The Ministry of Construction is seeking comments on a draft resolution on controlling and curbing the epidemic. increase in real estate prices, including recommendations to tighten loan limits for second home buyers and beyond, to limit speculation and contribute to market stability.
According to the draft, credit institutions are only allowed to lend up to 50% of the purchase contract value for buyers of second homes and no more than 30% for third homes or more, except in the case of buying social housing.
"Capital regulator" for the real estate market
Talk to PV , Mr. Vo Huynh Tuan Kiet - housing director of CBRE Vietnam - commented that limiting loans for real estate purchases is considered a credit "regulator" because many investors and speculators have used financial leverage to buy many real estates, unintentionally pushing up real estate prices.

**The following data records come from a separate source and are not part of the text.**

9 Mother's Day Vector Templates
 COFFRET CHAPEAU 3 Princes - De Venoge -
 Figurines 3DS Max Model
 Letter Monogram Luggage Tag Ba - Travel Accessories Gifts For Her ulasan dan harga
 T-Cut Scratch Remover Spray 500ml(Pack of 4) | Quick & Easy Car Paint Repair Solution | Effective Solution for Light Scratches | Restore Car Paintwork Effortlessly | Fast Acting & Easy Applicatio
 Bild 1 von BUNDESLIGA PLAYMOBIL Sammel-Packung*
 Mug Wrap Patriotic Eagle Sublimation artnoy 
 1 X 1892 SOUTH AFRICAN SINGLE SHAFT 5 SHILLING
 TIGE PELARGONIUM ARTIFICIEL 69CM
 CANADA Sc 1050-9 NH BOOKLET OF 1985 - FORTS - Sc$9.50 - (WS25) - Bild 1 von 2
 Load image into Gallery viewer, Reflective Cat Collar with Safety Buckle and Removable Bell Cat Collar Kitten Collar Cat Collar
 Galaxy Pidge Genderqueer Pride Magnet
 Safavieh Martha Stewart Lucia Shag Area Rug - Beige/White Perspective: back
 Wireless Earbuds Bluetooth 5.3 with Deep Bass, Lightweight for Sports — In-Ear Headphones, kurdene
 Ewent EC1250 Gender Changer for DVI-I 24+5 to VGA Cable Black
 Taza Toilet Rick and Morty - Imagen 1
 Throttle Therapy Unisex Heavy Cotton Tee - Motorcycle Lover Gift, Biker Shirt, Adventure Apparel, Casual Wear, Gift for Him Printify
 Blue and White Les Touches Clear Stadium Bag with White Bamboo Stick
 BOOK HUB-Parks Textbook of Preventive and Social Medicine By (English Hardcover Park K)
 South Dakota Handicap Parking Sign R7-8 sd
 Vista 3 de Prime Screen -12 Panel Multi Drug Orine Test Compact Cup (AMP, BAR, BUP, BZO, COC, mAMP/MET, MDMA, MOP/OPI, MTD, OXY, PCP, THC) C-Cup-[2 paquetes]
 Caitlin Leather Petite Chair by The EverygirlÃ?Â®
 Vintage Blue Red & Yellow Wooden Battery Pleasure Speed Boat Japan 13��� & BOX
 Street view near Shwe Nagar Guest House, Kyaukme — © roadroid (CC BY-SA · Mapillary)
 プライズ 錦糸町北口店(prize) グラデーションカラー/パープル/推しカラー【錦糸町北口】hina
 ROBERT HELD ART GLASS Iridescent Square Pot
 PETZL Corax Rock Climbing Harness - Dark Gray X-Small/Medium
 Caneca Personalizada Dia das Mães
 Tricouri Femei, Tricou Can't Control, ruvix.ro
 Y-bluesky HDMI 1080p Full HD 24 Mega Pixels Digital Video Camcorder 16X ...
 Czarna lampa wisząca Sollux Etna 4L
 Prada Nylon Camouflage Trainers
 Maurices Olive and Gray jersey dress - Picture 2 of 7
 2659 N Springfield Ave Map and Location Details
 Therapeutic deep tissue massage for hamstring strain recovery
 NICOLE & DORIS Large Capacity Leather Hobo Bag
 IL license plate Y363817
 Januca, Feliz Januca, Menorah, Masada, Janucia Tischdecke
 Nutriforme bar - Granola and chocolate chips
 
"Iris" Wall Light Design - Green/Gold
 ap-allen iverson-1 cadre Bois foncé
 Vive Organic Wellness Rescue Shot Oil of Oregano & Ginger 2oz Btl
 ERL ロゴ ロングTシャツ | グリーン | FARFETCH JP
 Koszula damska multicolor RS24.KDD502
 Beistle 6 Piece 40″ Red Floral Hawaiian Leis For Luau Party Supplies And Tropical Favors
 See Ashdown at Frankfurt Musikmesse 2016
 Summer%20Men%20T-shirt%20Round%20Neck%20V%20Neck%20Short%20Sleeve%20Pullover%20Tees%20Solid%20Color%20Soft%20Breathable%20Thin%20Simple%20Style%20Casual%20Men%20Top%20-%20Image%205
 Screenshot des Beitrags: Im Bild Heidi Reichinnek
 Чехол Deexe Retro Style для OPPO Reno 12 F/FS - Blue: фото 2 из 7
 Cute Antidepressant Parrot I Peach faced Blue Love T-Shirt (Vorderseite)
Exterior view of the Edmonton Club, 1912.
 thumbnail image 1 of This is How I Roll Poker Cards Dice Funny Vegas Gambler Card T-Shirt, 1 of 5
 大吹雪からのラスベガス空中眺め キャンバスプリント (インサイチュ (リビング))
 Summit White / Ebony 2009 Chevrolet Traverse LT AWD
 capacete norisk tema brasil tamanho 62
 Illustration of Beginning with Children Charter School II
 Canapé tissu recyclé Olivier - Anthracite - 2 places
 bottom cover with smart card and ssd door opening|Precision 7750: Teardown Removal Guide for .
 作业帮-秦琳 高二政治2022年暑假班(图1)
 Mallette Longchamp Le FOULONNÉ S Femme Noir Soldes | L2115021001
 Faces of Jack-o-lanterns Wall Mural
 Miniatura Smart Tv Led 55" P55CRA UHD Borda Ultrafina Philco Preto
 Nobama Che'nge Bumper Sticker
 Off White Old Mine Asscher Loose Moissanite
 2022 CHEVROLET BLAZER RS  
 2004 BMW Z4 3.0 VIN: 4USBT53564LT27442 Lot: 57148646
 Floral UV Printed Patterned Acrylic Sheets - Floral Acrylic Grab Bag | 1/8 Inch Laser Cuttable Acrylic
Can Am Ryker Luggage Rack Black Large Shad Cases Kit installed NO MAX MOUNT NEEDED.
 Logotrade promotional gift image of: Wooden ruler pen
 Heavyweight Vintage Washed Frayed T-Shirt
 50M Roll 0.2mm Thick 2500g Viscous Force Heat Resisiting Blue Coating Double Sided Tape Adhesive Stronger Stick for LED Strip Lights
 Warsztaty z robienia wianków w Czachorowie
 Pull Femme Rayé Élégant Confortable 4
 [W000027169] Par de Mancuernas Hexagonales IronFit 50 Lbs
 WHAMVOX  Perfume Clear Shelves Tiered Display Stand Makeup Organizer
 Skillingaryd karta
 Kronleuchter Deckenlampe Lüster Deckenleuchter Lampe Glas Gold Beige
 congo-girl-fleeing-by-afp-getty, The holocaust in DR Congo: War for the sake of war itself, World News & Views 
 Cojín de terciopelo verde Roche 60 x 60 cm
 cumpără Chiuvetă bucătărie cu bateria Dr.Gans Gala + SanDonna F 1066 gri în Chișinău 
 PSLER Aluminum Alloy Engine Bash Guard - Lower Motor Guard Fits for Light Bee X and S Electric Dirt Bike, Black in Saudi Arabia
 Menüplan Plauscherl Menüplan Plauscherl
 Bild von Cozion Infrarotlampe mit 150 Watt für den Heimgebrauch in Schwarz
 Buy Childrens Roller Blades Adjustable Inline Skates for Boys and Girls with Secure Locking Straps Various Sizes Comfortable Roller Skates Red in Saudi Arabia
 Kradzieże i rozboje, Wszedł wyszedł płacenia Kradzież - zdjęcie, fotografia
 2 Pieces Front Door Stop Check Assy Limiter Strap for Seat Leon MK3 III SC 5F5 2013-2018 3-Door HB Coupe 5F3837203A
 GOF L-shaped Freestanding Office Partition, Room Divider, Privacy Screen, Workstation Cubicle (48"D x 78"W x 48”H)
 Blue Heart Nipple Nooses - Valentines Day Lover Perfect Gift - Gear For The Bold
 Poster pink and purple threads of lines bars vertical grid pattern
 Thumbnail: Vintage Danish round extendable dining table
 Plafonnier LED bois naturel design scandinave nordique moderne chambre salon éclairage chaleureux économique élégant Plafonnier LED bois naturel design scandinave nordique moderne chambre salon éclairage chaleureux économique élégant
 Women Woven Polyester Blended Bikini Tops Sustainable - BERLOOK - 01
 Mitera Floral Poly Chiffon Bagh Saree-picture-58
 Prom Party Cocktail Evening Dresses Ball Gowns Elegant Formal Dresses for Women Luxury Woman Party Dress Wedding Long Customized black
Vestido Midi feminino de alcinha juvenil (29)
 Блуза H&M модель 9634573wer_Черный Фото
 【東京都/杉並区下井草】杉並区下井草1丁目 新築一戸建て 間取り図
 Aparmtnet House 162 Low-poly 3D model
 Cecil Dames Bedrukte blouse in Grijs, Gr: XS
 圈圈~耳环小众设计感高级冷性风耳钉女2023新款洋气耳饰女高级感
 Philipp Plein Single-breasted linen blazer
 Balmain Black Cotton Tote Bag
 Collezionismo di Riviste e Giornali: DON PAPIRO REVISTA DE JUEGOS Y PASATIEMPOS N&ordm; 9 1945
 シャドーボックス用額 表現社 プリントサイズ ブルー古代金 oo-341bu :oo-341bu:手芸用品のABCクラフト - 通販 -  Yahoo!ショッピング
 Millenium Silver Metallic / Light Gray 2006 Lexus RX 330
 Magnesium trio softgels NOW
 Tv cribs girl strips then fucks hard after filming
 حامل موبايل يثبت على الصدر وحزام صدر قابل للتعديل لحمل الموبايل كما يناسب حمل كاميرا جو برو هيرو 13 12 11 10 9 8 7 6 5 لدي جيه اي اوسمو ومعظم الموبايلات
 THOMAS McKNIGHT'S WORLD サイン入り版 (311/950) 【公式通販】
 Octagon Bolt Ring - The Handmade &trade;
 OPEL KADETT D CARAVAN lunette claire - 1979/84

Therefore, this solution aims to limit the number of people with strong financial capacity to buy and hold many properties, while those with real housing needs have difficulty accessing them.
"If implemented, this move will have a positive impact in helping to reduce credit to some extent. real estate, especially related to investment. They will consider very carefully in their investment strategy to optimize profits when using financial leverage," Mr. Kiet said.
However, Mr. Kiet commented that this solution mainly only restrains the investment level of those using financial leverage, while those with strong financial potential will not be affected. In addition, the side effects of this solution will create strong fluctuations, reduce the flow of supply and demand and trading rhythm in the market.
Similarly, Ms. Giang Huynh - representative of Savills HCMC - said that the measure to limit loans for second homes and beyond could contribute to reducing speculative activities, but at the same time it would also reduce capital flows from long-term investors and affect the overall liquidity of the market.
According to her, in the context of the real estate market in Ho Chi Minh City and the whole country facing a prolonged shortage of supply, tightening credit could make the market more sluggish.
Fear of "wrongly squeezing" real buyers
Talk to Tuoi Tre Online , an investor in large real estate projects in the South, said that the credit tightening policy has not clearly distinguished between buyers for real residence (buying for parents, children, relatives, etc.) and buyers for long-term rental, sustainable investment.
For example, parents have 2 children and want to borrow money to buy and build 2 more houses in addition to the house they are living in so that the 2 children will have the conditions when they start their own families, but the children themselves do not have enough income to borrow to buy a house.
Therefore, this regulation may cause more difficulties for parents or also make it difficult for local officials who want to rent more apartments at work, making it impossible for those with real needs to buy a house, leading to the risk of "wrongly squeezing" even legal consumers.
According to this person, Vietnam does not have a strong enough national housing data management system, making it difficult to determine which house a borrower owns.
In addition, this regulation has not clearly defined whether the housing is formed in the future or available. With housing formed in the future, there may be a risk that the house will encounter unforeseen problems that lead to the inability to complete, home buyers lost all capital on the first home but were limited in borrowing to buy a second home, leading to increased financial pressure for buyers with real needs.
"This measure may not solve the problem of rising housing prices, but will also have a negative impact on the real estate market, increasing inventory, directly affecting real estate businesses and related supporting industries," he said.